While investigating a series of supernovae whose catastrophic radiation has destroyed several cultures on nearby worlds, the Enterprise penetrates to the heart of the sphere of destruction and finds a planet orbiting a dying star. Sensors reveal the cities on the planet are intact -- they have not been destroyed, just deserted.

Suddenly Ehdom, a humanoid with an oversized bald cranium, appears on the bridge. Security guards who move toward him are frozen, immobile. "Why have you come?" Ehdom asks.

Kirk explains they have come only to investigate the cataclysmic destruction left behind in the wake of the supernovae.

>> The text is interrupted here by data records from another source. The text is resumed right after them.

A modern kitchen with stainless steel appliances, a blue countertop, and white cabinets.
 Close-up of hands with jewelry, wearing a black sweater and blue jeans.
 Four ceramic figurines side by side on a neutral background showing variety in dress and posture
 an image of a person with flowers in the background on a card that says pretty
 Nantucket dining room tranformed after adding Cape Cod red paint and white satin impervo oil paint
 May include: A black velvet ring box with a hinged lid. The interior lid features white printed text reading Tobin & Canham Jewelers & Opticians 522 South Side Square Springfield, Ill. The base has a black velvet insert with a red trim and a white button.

Ehdom does admit that their preliminary experiments were not entirely successful. When Kirk realizes that Ehdom is taking responsibility for the supernovae, he asks what their ultimate plan is.

"The absorption of the universe," Ehdom says, and then vanishes.


Kirk, Spock and four security guards beam down to the planet’s surface. They materialize inside a metal chamber, devoid of mechanical equipment. Through a window they can see the scarred surface of the incredibly old world. Suddenly Spock gets two life readings on his tricorder. Ehdom appears, amused by Kirk’s persistence. He tells Kirk that his people were once like him –- young, eager to explore. Ehdom reads Kirk’s mind to determine the location of Earth. Ehdom says that when his people visited Earth it was but a boiling cloud of gas in a protouniverse.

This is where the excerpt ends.